I would just keep an eye on it for the near future. Most likely it will be OK on it's own.


----------



## Lazyman (Aug 8, 2014)

If you do decide you want to prevent problems rather than risk damage down the road, I would try Loren's approach and use heat to break the glue joint. Heat is the enemy of PVA glue and you may be able to soften it enough that you can slowly work a putty knife into the joint. Once you get one spot soft and get the knife in, the rest will go pretty quickly. Heating the knife may also help the process. After you break the joint, attach some cleats with oversized holes and screw it down from below.

BTW, Did you finish the underside of the top? You will definitely want to make sure that you have a finish on the underside to make sure that you don't have the problem of differential moisture change on the top an bottom adding to your problems.

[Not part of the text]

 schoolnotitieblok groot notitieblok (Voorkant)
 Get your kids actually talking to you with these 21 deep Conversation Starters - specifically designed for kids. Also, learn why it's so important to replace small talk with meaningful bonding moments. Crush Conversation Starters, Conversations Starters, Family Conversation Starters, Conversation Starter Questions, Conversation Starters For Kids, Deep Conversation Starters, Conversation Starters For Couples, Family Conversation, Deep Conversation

The crate table looks great, BTW.


----------



## LeeRoyMan (Feb 23, 2019)

> So I did my first woodworking project as a dog crate *for my adult son*.
> Thanks,
> MIke
> 
> - OldDogNewTricks


Is this like time out?
How do you get him to go in there?

I'm kinda rough around the edges so if it were me, (plan A) I would just knock it off with a hammer and see how it goes. If it's really on there, (plan B) knock it off with a bigger hammer…
A lot depends on how well it was put on. lot of glue, lot of clamps, little glue few clamps. good flat fit…
You kind of have to play it by ear and make sure it's not pulling up chunks of the oak. 
I would start in the back corner.

I would have a new top already made, because the time and work to fix the old split, or buckled top wouldn't be worth it. Save the wood for something else.


----------



## bilyo (May 20, 2015)

> If I do need to remove it, what is the consensus on the best approach? I was thinking one of those thin Japanese pull saws or a very sharp knife. If I can split it, I can sand both sides down, and re-attach with buttons.
> 
> - OldDogNewTricks


I think the hot knife would be a good place to start. If that doesn't work, try starting the cut with a multi-tool and then do the rest with a flush cut pull-saw. I believe you will get the smoothest and most consistent cut that way.


----------



## OldDogNewTricks (Jan 7, 2021)

> BTW, Did you finish the underside of the top? You will definitely want to make sure that you have a finish on the underside to make sure that you don t have the problem of differential moisture change on the top an bottom adding to your problems.
> 
> The crate table looks great, BTW.
> 
> - Lazyman


Thank you for the advise.

Yes I finished both sides of the top (tung oil), but only pastewaxed the top.

Mike


----------



## OldDogNewTricks (Jan 7, 2021)

> So I did my first woodworking project as a dog crate *for my adult son*.
> Thanks,
> MIke
> 
> ...


Haha-Yes. Well, there are times that as an adult I would love to put in him in one 

Mike


----------